ACIM Lesson 323 notes.

I gladly make the ‘sacrifice’ of fear.

11-19-2023

“And we are at peace again, for fear has gone and only love remains.”

I felt good and at ease with the request to release fear. I had a vision in meditation this morning in which I released fear, so my heart was full as I began this lesson. My good feeling remained for my reading of half the lesson but then the thoughts of the people in the Israel and Palestine war came to mind. It is easy for me here in this quiet sunshiny place to find my peace and release fear.

I just heard, ‘there is good fear’.

For me, this means the fear that has you take action to find safety is good. The fear that the Course typically references is the fear that we create in our minds by the false ways we choose to see the world. The healing I bring to myself improves the health of the world.

11-19-2022

I’ll give fear up, as I mostly have. Big scary possibilities the media puts on us, I can brush aside knowing there are many more positive possibilities. Fear of losing loved ones, I can usually let go knowing the afterlife can be a wonderful place of our making. Worrying is my problem.
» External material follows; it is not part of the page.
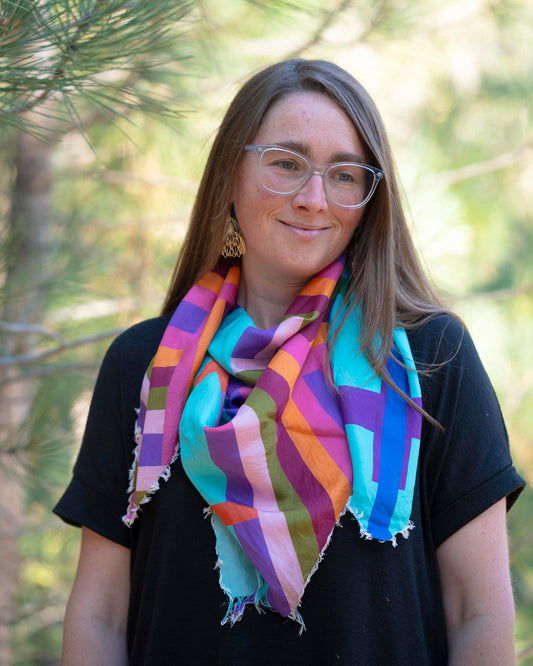 Autumn on the Plains Silk Wild Rag Scarf - Crossed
I get down and anxious when I don’t have a plan for something. Or I wonder if others are keeping to my plan.

Fear of death – no problem.

Fear of change or disturbance of my comfort … ehh. I’m not sure how to let this go.
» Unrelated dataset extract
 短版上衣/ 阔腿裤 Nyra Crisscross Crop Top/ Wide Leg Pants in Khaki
Help! (I feel surrounded by light, my heart swells.)

I just had a thought. I believe I can only have/feel this love connection to God when I am home in my room where it is quiet. I have little experience of feeling God’s Love when out in the world doing, therefore I am protective of my quiet time.

My prayer:

Dear Lord, send me on a path of purpose that helps the world and allows me to feel your love in my actions.